If you’re one of those guys who spend hours trawling the internet or working with a laptop balanced on your knees, you might be in for a nasty surprise. If you value the quality of your sperm and are planning to have kids, that is.
US researchers have recently found that using laptops the way their designed to be used – on your lap – causes the temperature in a man’s testicles to rise to levels that are potentially detrimental to sperm production. Their study, Protection from scrotal hyperthermia in laptop computer users was published in a scientific journal with the bitter-sweet title Fertility and Sterility in June.
Great balls of fire
Contrary to popular believe, God did not put your balls in the flight path of cricket balls, tennis balls, soccer balls and various other high-speed projectiles as a cynical punishment for being a man. No, the function of the scrotum is to keep the testicles at a temperature that is a few degrees cooler than that inside the body, which turns out to be important for the sperm production process.

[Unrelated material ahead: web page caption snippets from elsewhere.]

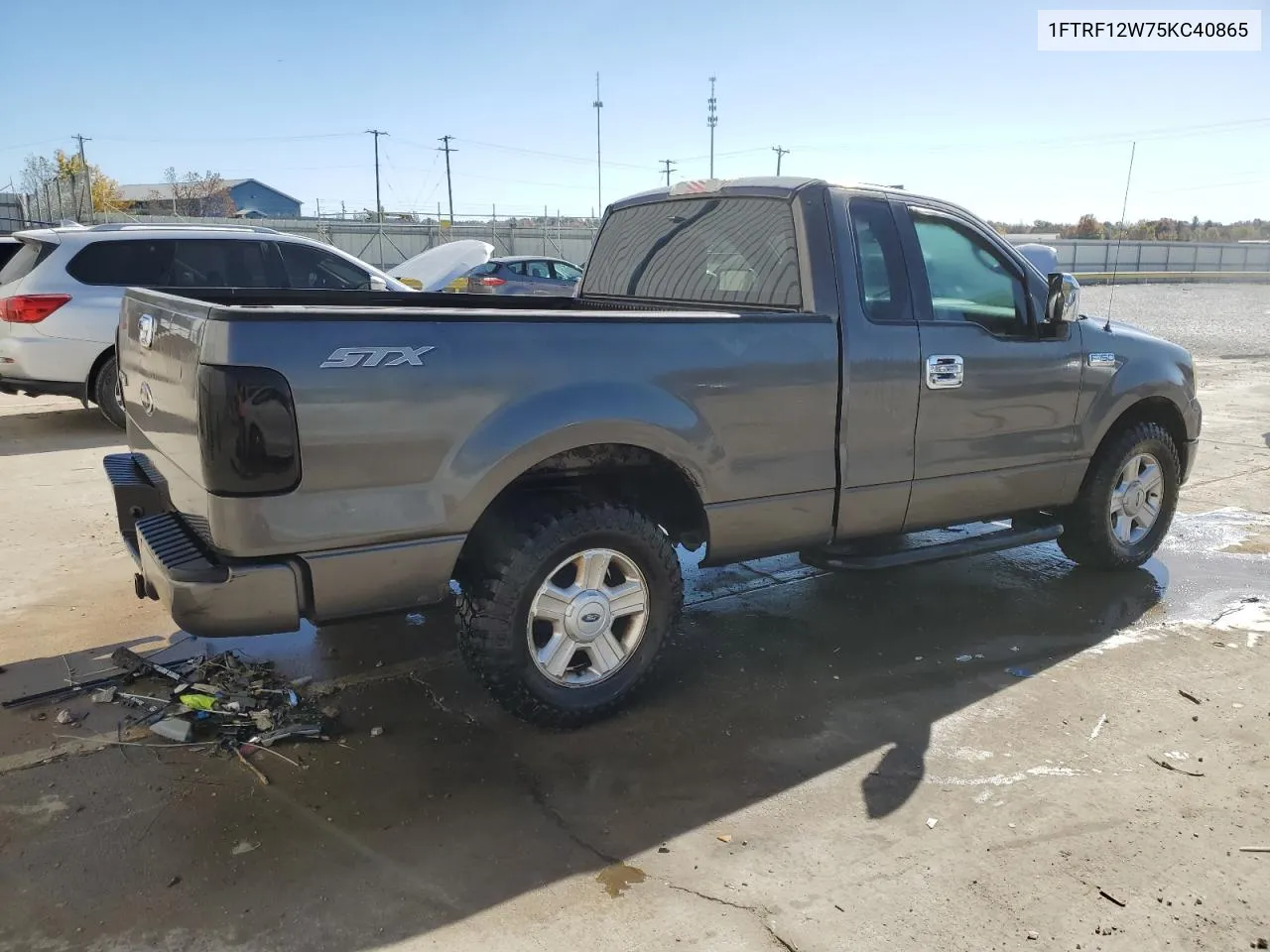 2005 Ford F150 VIN: 1FTRF12W75KC40865 Lot: 77184864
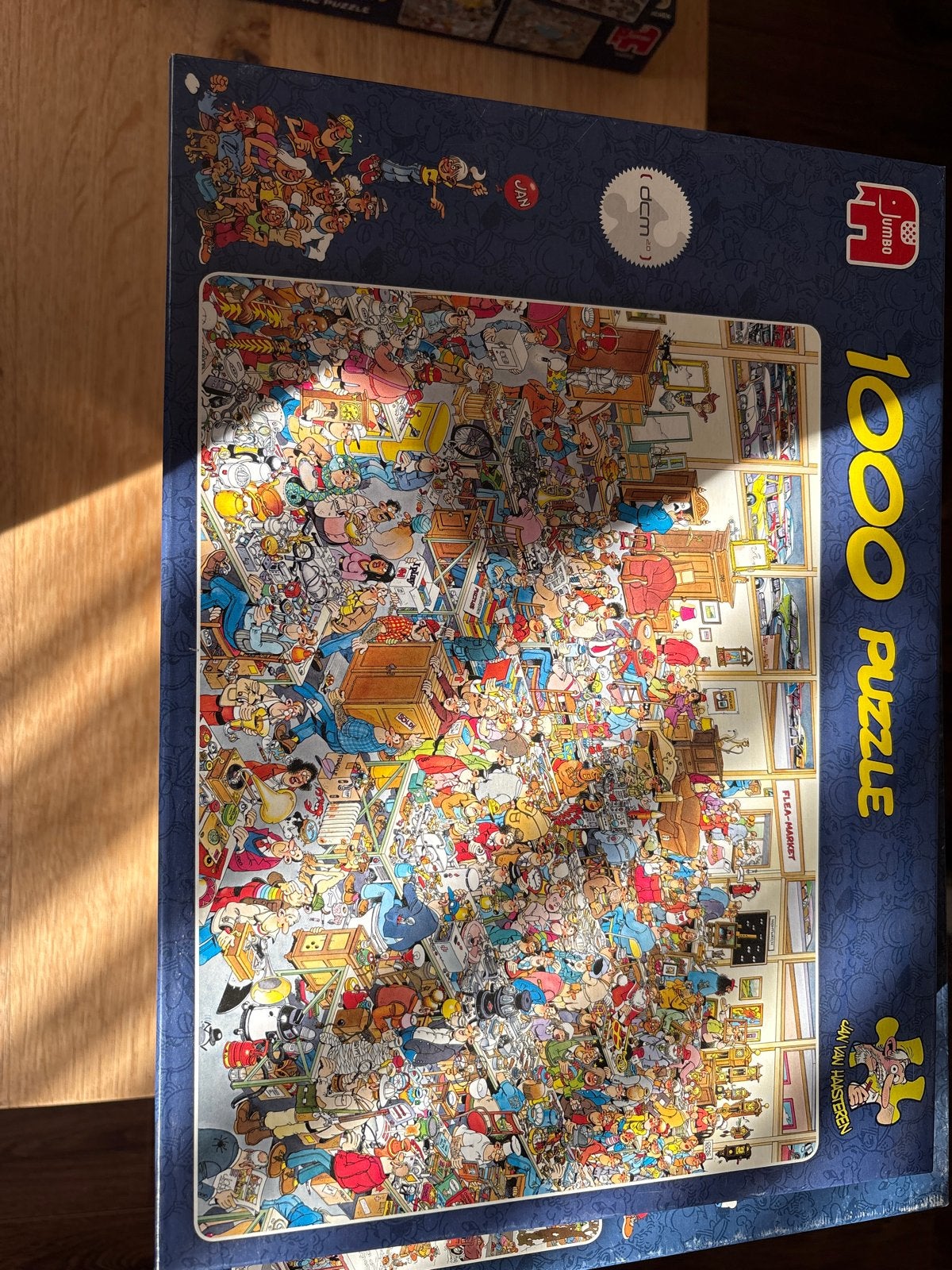 Jan van Haasteren Puzzel - 1000 stukjes - De Kermis, Ophalen, 500 t/m 1500 stukjes, Zo goed als nieuw, Legpuzzel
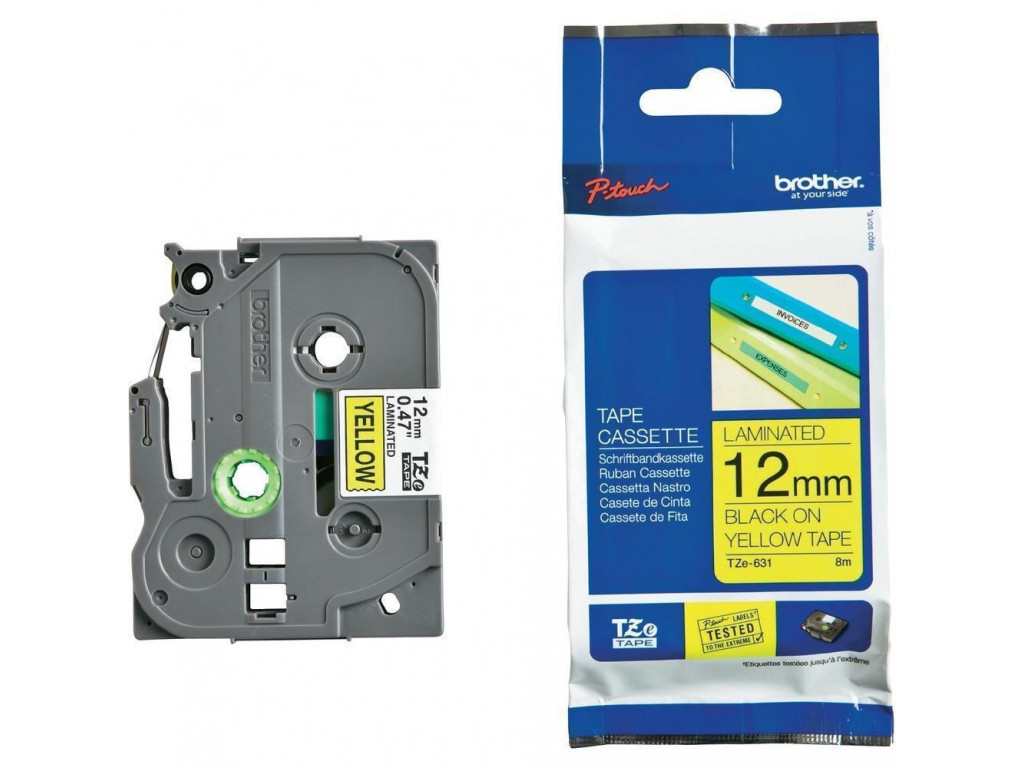 Консуматив Brother TZe-631 Tape Black on Yellow 11367_8.jpg
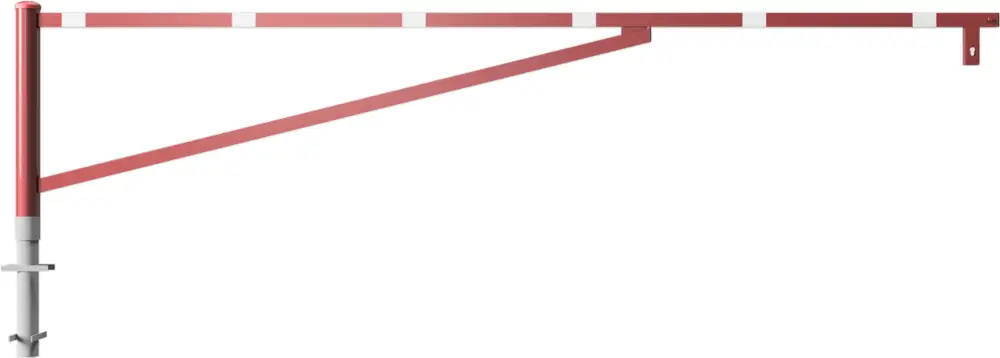 Aktuell Schake Drehschranke mit 2 Auflagestützen - Schrankenbaum 60 x 40 mm OEP rot weiß - 4000 mm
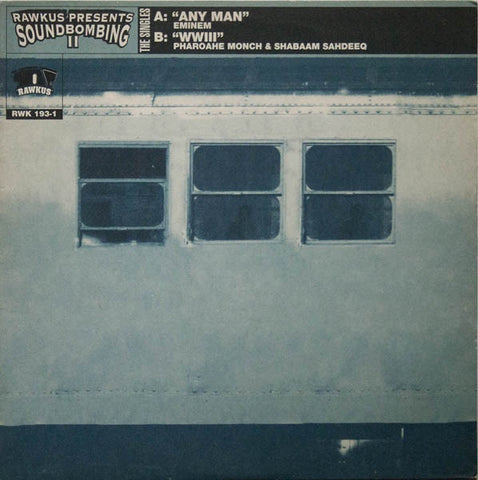Eminem / Pharoahe Monch & Shabaam Sahdeeq ‎– Any Man / WWIII - VG+ 12" Single Record 1999 USA Vinyl - Hip Hop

Research has shown that warming the scrotum by more than 1oC is sufficient to cause damage to sperm cells. While no scientific investigations have been done that connect the use of laptops directly to infertility in men, the new study found that having a laptop on your knees for an hour can raise testicle temperature by as much as 2.5oC and that can’t be good. In case you’re wondering, the scientists monitored thermometers hooked to the scrotums of 29 healthy men ranging in age from 29 to 35 while they balanced a laptop on their knees.
According to lead researcher, Dr Yefim Sheynkin, a urologist at the State University of New York at Stony Brook, scrotal temperatures breached safe levels within 10 to 15 minutes without the men even noticing. While he doesn’t blame laptops for infertility, he warns that “frequent use might contribute to reproductive problems”.
Keep it cool
Even when they used a lap-pad or a blanket under the laptop, the men’s scrotums overheated relatively quickly. “You can put a pillow beneath your computer and it still won’t protect you,” says Sheynkin. “No matter what you do, even with your legs spread wide apart, the temperature is still going to be higher than what we call safe.”
The take-home message: Only use your laptop on your actual lap for very short periods – a few minutes – at a time. Rather find a desk or a table to rest it on if you’re planning to work for extended periods.